Questions sur la méritocratie
Pour cela, il faut élargir la perspective : un article comme celui qui vient de paraître dans La Nouvelle Revue du Travail, nous y aide en mettant en évidence les insuffisances d’un autre pilier du « mai 68 numérique », le logiciel libre : il montre comment la diffusion du logiciel libre dans le secteur de l’industrie informatique est concomitante avec la financiarisation de ce secteur : elle signifie un affaiblissement du modèle traditionnel de la relation salariée au profit d’une exacerbation de la concurrence entre développeurs et passe par une surveillance panoptique du code. Cet article est judicieusement intitulé « Le logiciel libre : un dispositif méritocratique ? » Car c’est bien la notion de méritocratie que l’on retrouve au coeur de cette communauté comme de celle des hackers. Quelques années auparavant, le sociologue Nicolas Auray avait utilisé le concept de« puritanisme civique » proche de cette notion pour décrire les valeurs structurant la communauté de développement de la distribution Linux Debian. Or, le propre de la méritocratie est d’ignorer toute logique sociale au profit d’un raisonnement individualiste abstrait.
L’école française, pour prendre un exemple dans un tout autre domaine, repose sur un dispositif méritocratique. Formellement et à l’échelle de l’individu, elle permet à chacun, quelles que soient ses caractéristiques de départ, de s’élever au-dessus de sa condition par son seul mérite scolaire. Les études montrent qu’en réalité, il s’agit d’une des écoles les plus inégalitaires des pays de l’OCDE, où les déterminations sociales jouent le rôle le plus important dans les trajectoires scolaires des élèves, comme les fameux tests Pisa viennent le rappeler année après année. Formellement et à l’échelle de l’individu, le code source ouvert du logiciel libre, les pratiques des hackers, la structure distribuée d’Internet doivent permettre à chacun, pour peu qu’il le veuille, de conquérir sa propre autonomie et de prendre une place sur le réseau et dans les communautés de pratique proportionnelle à son investissement et son degré de maîtrise technique. Dans la réalité, nous sommes majoritairement réduits au rang de consommateurs de services informatiques, devenus dépendants de boîtes noires, sous licence libre ou non, qui nous contrôlent plutôt que nous les contrôlons. Dans les deux cas, c’est une ignorance des logiques sociales qui conduit à un résultat pratique inverse du principe théorique affiché.
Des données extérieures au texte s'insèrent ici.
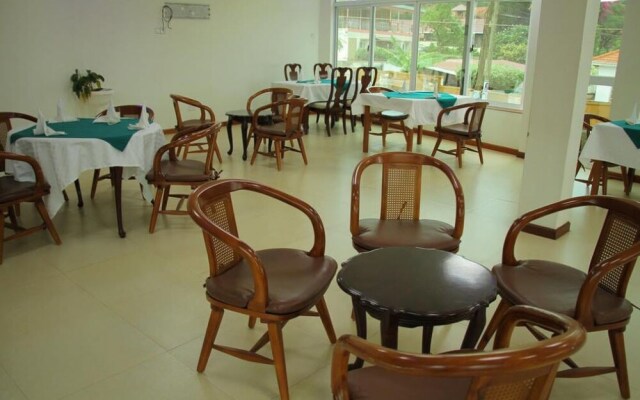 Shangri-la Hotel Muyenga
C’est bien en ignorant les logiques sociales réelles que le mai 68 numérique se transforme en grille-pain fasciste et il ne faut pas attendre des hackers qu’ils viennent nous en sauver. Les hackers nous éblouiront toujours par les « exploits » qu’il continueront d’effectuer au firmament de la matrice. Ils susciteront notre admiration et alimenteront notre sentiment de culpabilité de ne pas être aussi libres qu’eux. Ils recevrons notre reconnaissance pour nous avoir aidé à neutraliser tel ou tel vilain dans les ruelles sombres de notre Gotham numérique. Mais si nous voulons inverser le cours de cette histoire qui prend des allures de cauchemar technologique, c’est nous seulement qui le pouvons, et seulement en recourant à des méthodes éprouvées par tous les peuples du monde depuis des millénaires : la pensée critique et la mobilisation politique.